And, abruptly, that’s it for Gerry Conway on ASM. Pretty crazy run. He killed Gwen & Norman, he almost married Aunt May & Doc Ock, he did this crazy story. He brought back a bunch of obscure villains and a couple obscure friends for Spidey, as well as creating some new ones He brought Peter & MJ together. So much of his work has lasting ramifications. That’s not too shabby. But he also made Peter a real jerk and wrote some stories that really didn’t add up. Win some, lose some, I guess. I suppose we could say this whole arc has been “The Delusion Conspiracy.“ Remember that title from ASM 144, the first issue Gwen’s clone was revealed in? It makes sense in that larger context. It made no sense as the title of ASM 144. Of course, this run would come to be called “The Clone Saga,” instead. And inspire the 2nd Clone Sage. And a 3rd Clone mess only a couple of years ago. This strange little tale casts a long, long shadow. And, while it’s finally over, there’s one bit of business left to solve next issue.

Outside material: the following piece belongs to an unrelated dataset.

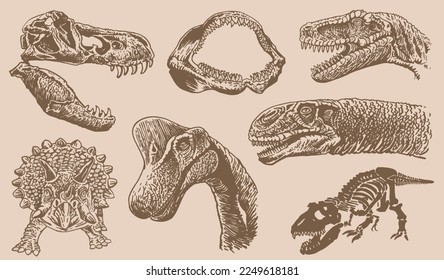 Graphical big vintage set of dinosaurs on sepia background, vector illustration.Fossils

Of interest to me, if not import for Spider-Man, is this month’s Bullpen Bulletins, where it is officially announced that Jack Kirby has returned to Marvel after his time being treated just as badly by DC. Jack’s story is so sad. This issue’s letter column offers an apology for the way Mindworm’s house was depicted in ASM 138. Apparently they based it on a real house and the owner was mad? They don’t go into detail. That’s kinda funny. It also has this great, short letter:
Totally warranted sarcasm. Next post: an epilogue to the clone mess, but one that doesn’t involve Gerry Conway.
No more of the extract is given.